Source information
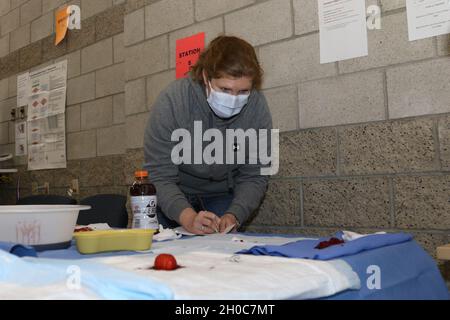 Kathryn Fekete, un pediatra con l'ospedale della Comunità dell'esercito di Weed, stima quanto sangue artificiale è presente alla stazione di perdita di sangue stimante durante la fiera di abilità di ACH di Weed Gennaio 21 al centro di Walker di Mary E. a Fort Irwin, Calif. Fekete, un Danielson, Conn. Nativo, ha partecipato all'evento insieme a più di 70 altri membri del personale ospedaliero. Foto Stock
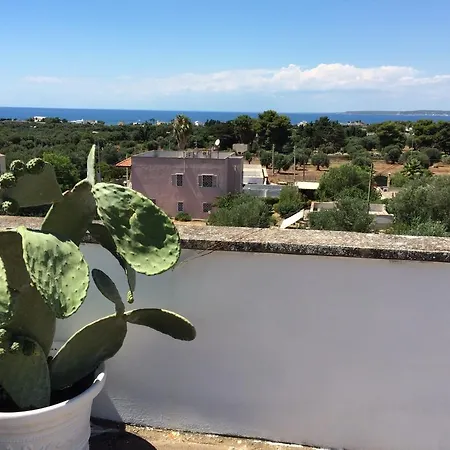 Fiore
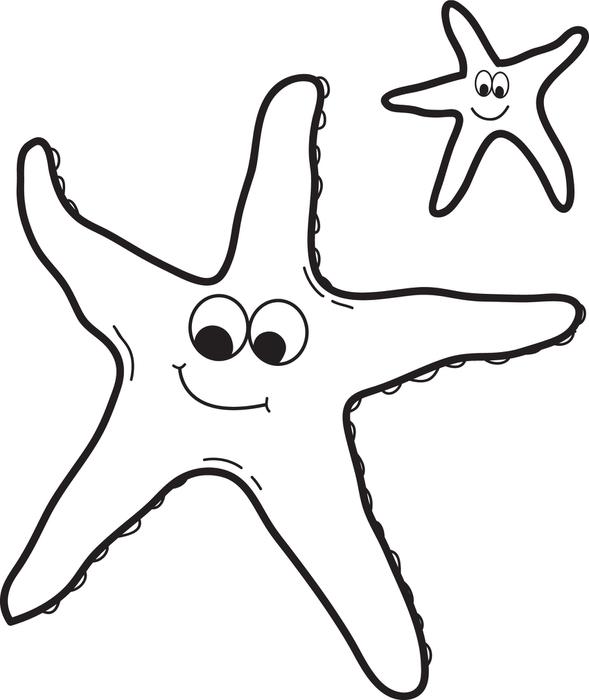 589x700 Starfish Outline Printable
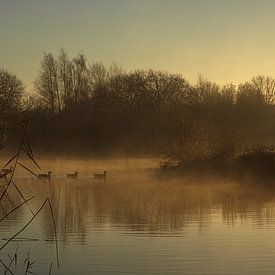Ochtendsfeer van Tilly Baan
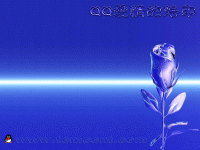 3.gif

What is needed
Return every record exactly, without the pictures.

Task output
 Kathryn Fekete, un pediatra con l'ospedale della Comunità dell'esercito di Weed, stima quanto sangue artificiale è presente alla stazione di perdita di sangue stimante durante la fiera di abilità di ACH di Weed Gennaio 21 al centro di Walker di Mary E. a Fort Irwin, Calif. Fekete, un Danielson, Conn. Nativo, ha partecipato all'evento insieme a più di 70 altri membri del personale ospedaliero. Foto Stock
 Fiore
 589x700 Starfish Outline Printable
Ochtendsfeer van Tilly Baan
 3.gif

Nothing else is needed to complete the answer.